The first blows came last year, with an economic slowdown and jitters about the
political transition. Now, a crackdown on corrupt gift-giving and a populist
backlash against ostentation have added to the woes.
The outlook for luxury-goods firms appears to have dimmed. Internet users have
posted incriminating pictures, for example of poorly paid bureaucrats wearing
suspiciously pricey watches, which have caused heads to roll. Mobs have also
disrupted banquets deemed to be too lavish, on occasions forcing officials to
their knees to beg for forgiveness.
This has traumatised some purveyors of conspicuous consumption. Beijing
Xiangeqing, an upmarket catering outfit that is usually highly profitable,
plunged into the red last quarter. Sales of shark fin, the key ingredient of a
soup served at fancy dinners, are down by around 70% year-on-year. Imports of
bottles of Bordeaux costing more than $800 have collapsed.

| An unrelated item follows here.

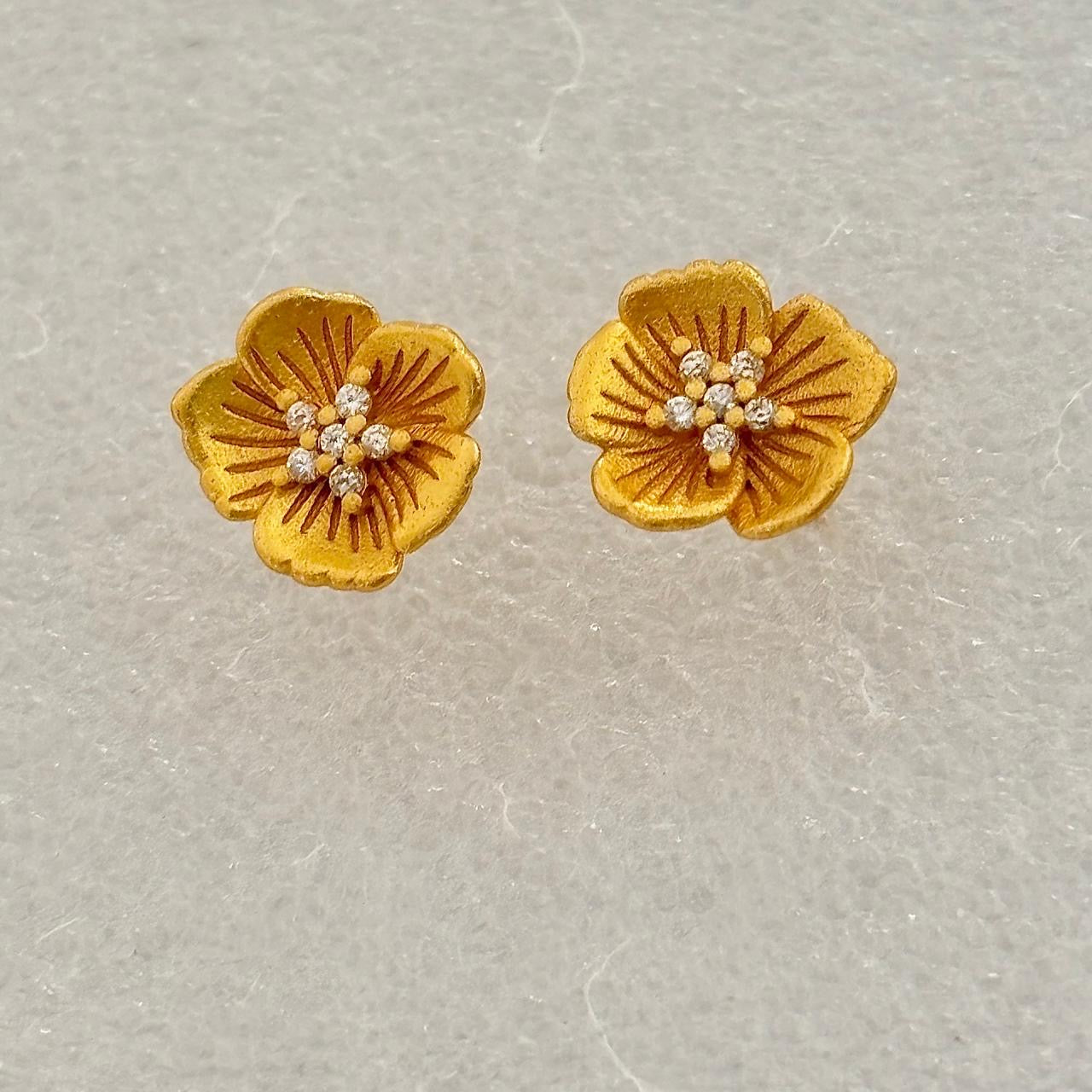 Soleil Bloom Studs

But look beyond the lavish public banquets and a more complicated picture
emerges and not just because devious officials are now throwing their
extravagant parties in private. It is true that some luxury-goods firms are
grappling with slowing demand in China: imports of Swiss watches, for example,
fell 24% year-on-year in the first quarter of 2013. But Andrew Keith of Lane
Crawford, a high-end department store that first opened in Hong Kong in 1850,
reports no slowdown at his stores there or in Beijing. Burberry, a British
fashion brand, enjoyed sales growth in China of about 20% in the year to March.
Sales of private jets in China are still soaring.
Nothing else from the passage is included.